Меня учил Николай Иванович питаться. Он говорил:
– Не ходите в столовки. Зайдите в молочную, съешьте кусок сыра, запейте стаканом молока, вечером съешьте луковицу – у вас будет все, что нужно для питания.
Познакомившись со мной, Николай Иванович посмотрел мои зрачки, проверил рефлексы и посоветовал много спать.
Я и сейчас много сплю.
Умер Николай Иванович счастливым, на третий день Февральской революции, формируя милицию и забыв об одиночестве.
Ходить по канату, несмотря на совет учителя, я не научился. Просто не пришлось. Другие советы в общем исполнил. Но когда пишу большую книгу, то иду по канату, к цели художника.
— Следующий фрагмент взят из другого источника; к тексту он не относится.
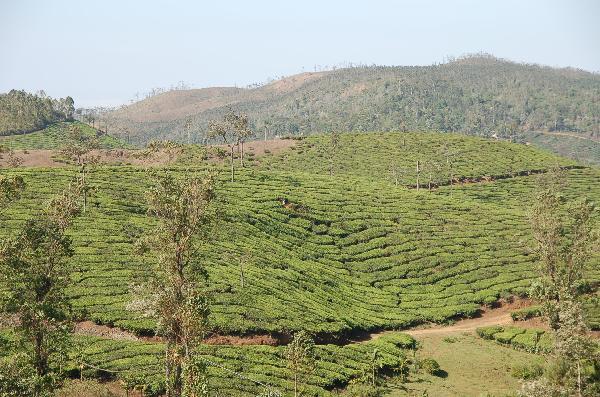 Tea plantation 2 on South India tour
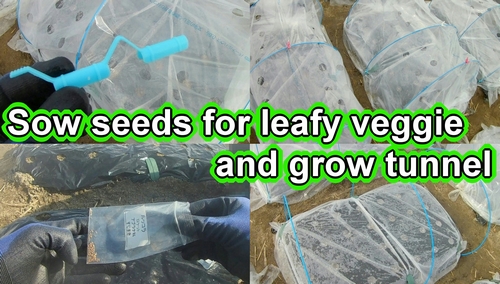 Sowing seeds for leafy vegetables and grow tunnel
Искусство обращается к народу, к читателю,– значит, и ко мне. Оно же не печатается целиком в "Известиях Академии наук" и предназначено не только для академии. Значит, то, что написал Чехов или Гоголь, ко мне обращено. Значит, я, по строению мозга своего, могу пройти по этому канату днем и ночью, не будучи лунатиком.
Футуристы
1
На выставках "Мира искусства" появились залы, которые назывались в публике "комнаты диких".
Здесь выставлялись М. Ларионов, Н. Гончарова.
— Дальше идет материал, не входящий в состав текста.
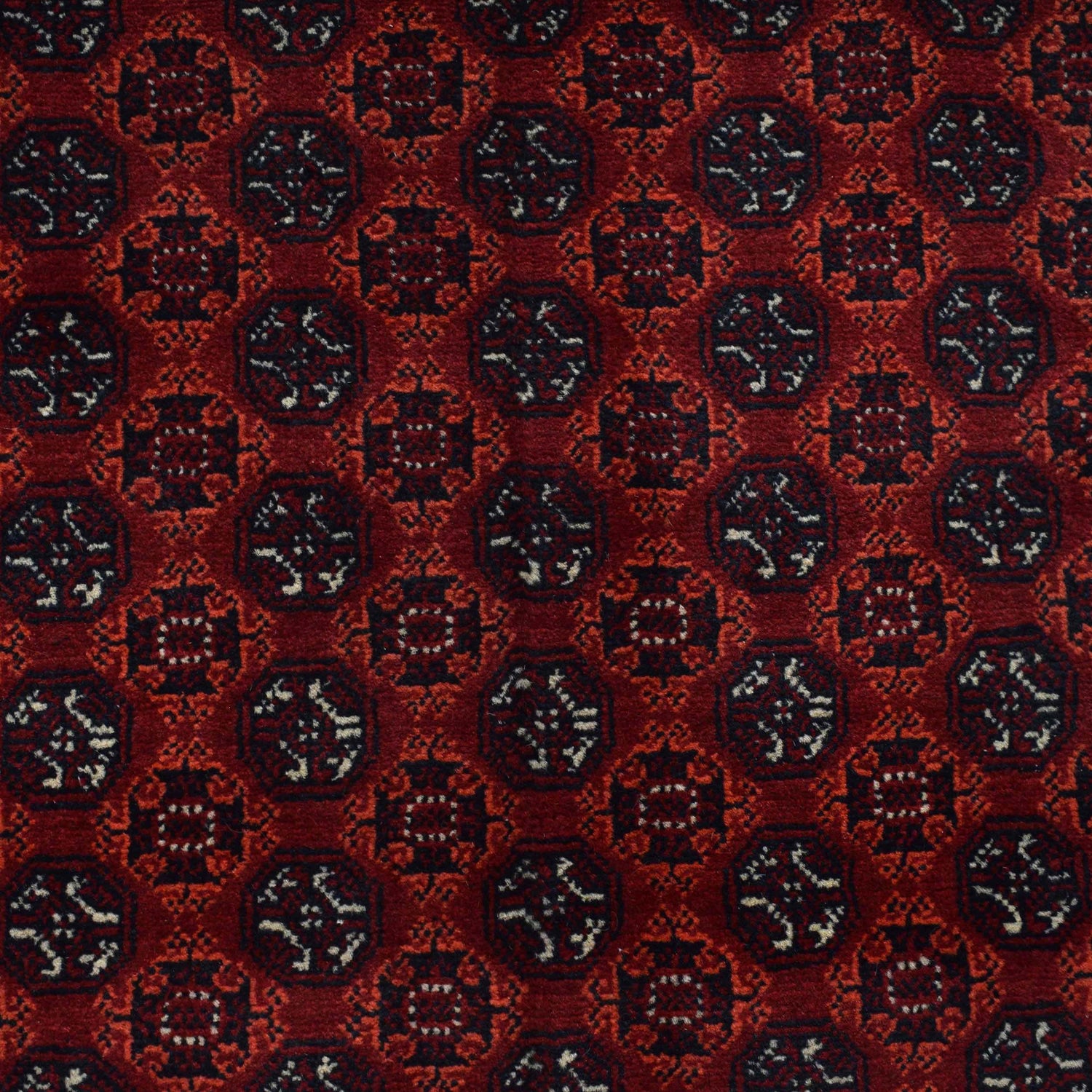 Hand Knotted Khoja Roshnai Carpet 4' 10" x 6' 6" (ft) - No. 1337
Странные, шершавые картины беспокоили зрителей.
Одна картина М. Ларионова (1913) называлась "В парикмахерской".
Парикмахер с открытыми ножницами зло и потерянно смотрел на клиента, повернувшегося к нему ухом. Может быть, эту картину описал Маяковский:
Вошел к парикмахеру, сказал – спокойный:
"Будьте добры, причешите мне уши".
Гладкий парикмахер сразу стал хвойный,
Лицо вытянулось, как у груши...
На "диких" кричали.
Потом "дикие" ушли из "Мира искусства". Они были очень различными. Одни оказались просто условно-декоративными, другие пытались изобразить предмет с нескольких точек зрения сразу.
Либеральный художественный критик Александр Бенуа в газете "Речь" № 100 от 13 апреля 1912 года писал:
"Мы живем в такое время, которое будут или поднимать на смех, или считать за несчастное и прямо трагически-полоумное время. Уже были такие полосы в истории культуры, когда значительная часть общества уходила в какие-то лабиринты теоретизации и теряла всякую живую радость. Но едва ли можно сравнить одну из тех эпох с нашей. Вот уже десять лет, как усиливается какой-то сплошной кошмар в искусстве, в этом вернейшем градуснике духовного здоровья общества".
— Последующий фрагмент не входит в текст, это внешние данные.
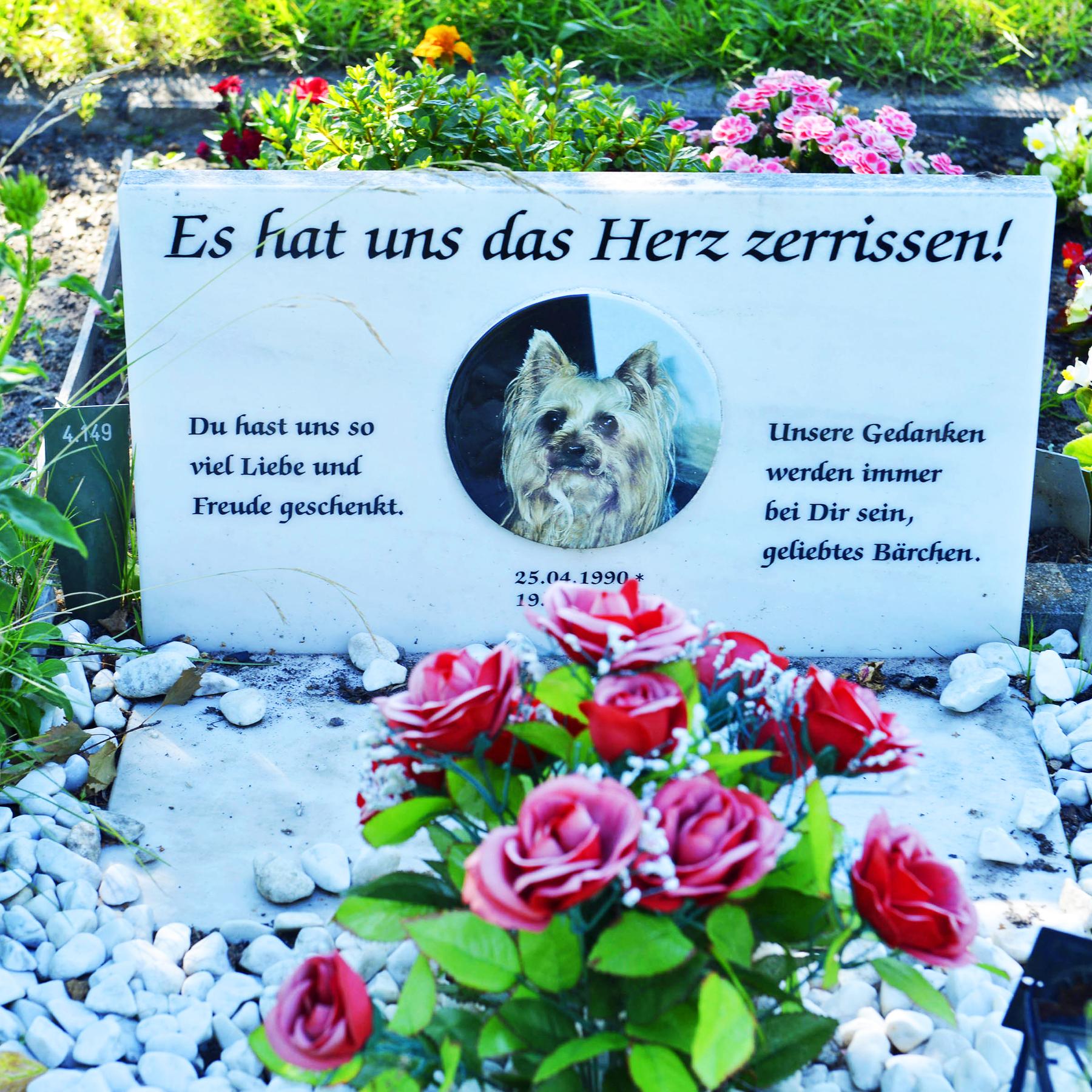 LAND UND LEUTE: Requiem für Bello - Die Trauer ums geliebte Tier episode artwork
Александр Бенуа был сам неплохим, но довольно ограниченным художником.
Так называемые левые художники писали иначе: они быстро меняли школы. Названия выставок, названия школ, они как бы мелькали, пестрили. Выставка "Бубнового валета" сменялась экспозициями "Ослиный хвост", "Мишень". В предисловии к каталогу выставки "Мишень" Михаил Ларионов писал: "Мы стремимся к Востоку и обращаем внимание на национальное искусство... Мы не требуем внимания общества, но просим и от нас не требовать его... Надо прежде всего знать свое дело".
Здесь в последних высокомерных словах есть утверждение "дела искусства" как дела "только для искусства", то есть самозамкнутость.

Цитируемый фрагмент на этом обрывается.